Goldman Sachs exits all about hedge funds & electronic trading firms
Goldman Sachs might be looking to cut some of its big shots to save on their huge ($400k+) salaries and big bonuses, but that probably won’t be a problem for those leaving.
Senior Goldman people can easily find homes elsewhere. We’ve spotted another two Goldman people leaving the firm in recent weeks (although there’s no indication that they were part of the bank’s cuts).
Raja Harb is one of them. An MD and Goldman’s former co-head of agency mortgage trading in New York, he left the bank after nearly 17 years to join BlueCrest Capital Management, Mike Platt’s heavily-hiring “family office-that-most-certainly-isn’t-a-hedge fund”, in the Big Apple. He’ll be a portfolio manager for the fund.
The other is Calum Paradise. He spent 11 years with Goldman before leaving, and was most recently an executive director in equity financing for the bank.
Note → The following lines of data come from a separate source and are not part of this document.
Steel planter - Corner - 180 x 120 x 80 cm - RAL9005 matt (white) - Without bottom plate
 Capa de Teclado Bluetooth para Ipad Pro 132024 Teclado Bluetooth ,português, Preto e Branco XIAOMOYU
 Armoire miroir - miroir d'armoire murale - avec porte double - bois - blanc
He joined Jane Street, the high-paying and (formerly) anarchistic market maker earlier this week to be a treasury specialist.
Leaving banks for hedge funds is all the rage. We’ve noticed Eisler Capital adding from Goldman, Nomura, and JPMorgan (and that’s just banks), as had BlueCrest itself – from Goldman and UBS, among others. Goldman even lost an entire team of traders to hedge fund Marshall Wace. It’s difficult to estimate, but dozens have left Goldman for hedge funds this year already, by our count.
Paradise might be pretty happy with the infamous culture and what Jane Street pays, but Harb will probably be the one laughing on his way to the bank. BlueCrest portfolio managers take something around 30% of generated PnL as their own pay, compared to 5% at banks. New portfolio managers are set up with between $100m and $1bn in capital. Do the math yourself.